The errors we made against Fulham cannot be rectified by training, we went into the match probably thinking we would walk it and were no where near as commited as we normally are.
Those are mental weaknesses, and they can only be sorted out by the players sitting at home and stewing over a pathetic performance and finding it within themselves to not make such an error again.
With the break they have time to do that.
Only added on the official site:
'The challenge now is to go on an unbeaten run again. I was disappointed we lost and I would have been the same if we had drawn.
'But I suppose if we had drawn, it would have kept the run going. Then suddenly we're going into Newcastle with plenty of confidence.
'But there's no reason why we can't do that anyway because the crowd is right behind us and willing us on.
'I still believe we are capable of winning away games but we should certainly look to win our home matches.'
If anything against Fulham, we were a victim of our own success. We have been dragging out results or playing really well and the players probably thought given Fulham's form that we would take the match without much effort.

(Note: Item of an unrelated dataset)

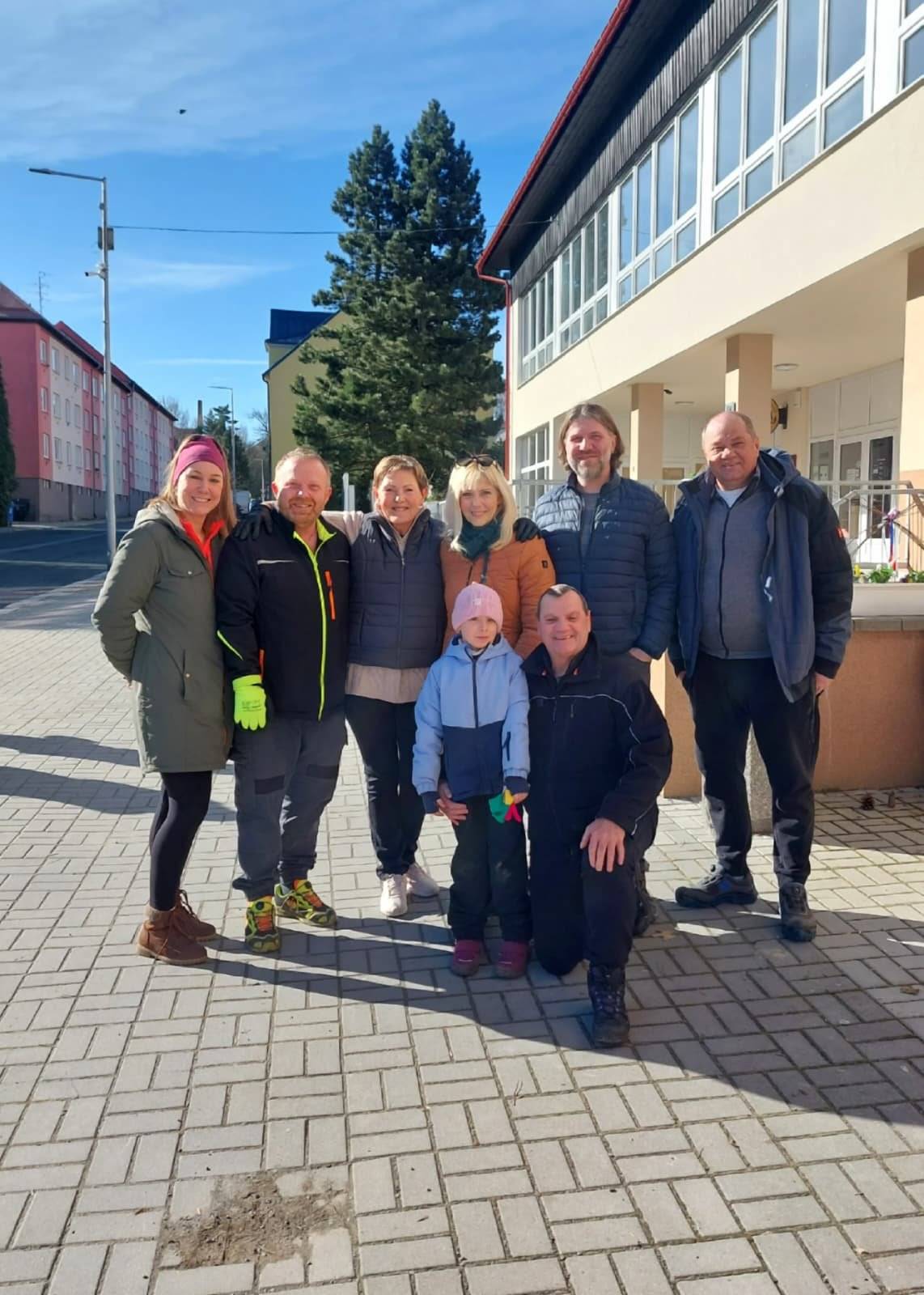 Městský úřad Vejprty a Služby města Vejprty děkují všem obyvatelům, Městské správě sociálních služeb i Základní škole za skvělou účast na akci „Ukliďme Česko – Ukliďme Vejprty“, která proběhla tuto sobotu. 💚 Sešlo se nás zhruba 100 a společně jsme uklidili celé město – děkujeme každému, kdo přiložil ruku k dílu! Po dobře odvedené práci jsme si u malé školy rozdělali oheň a užili si příjemné setkání. 🔥Jsme rádi, že vám není naše město lhostejné – těšíme se na další společné akce! Za realizační tým Alena Legényová a Antonín Felber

Unfortunately when it became clear we wouldn't they failed to step up a gear like all good teams do.
Again that is not a training ethic, it's a mental ethic and along with the will to win, the belief that you have won before you step on the pitch, you need to have the strength behind it to react accordingly.
MON has done wonders in changing us from a team who used to walk onto the pitch like they had already lost - Fulham just shows the job isn't finished yet.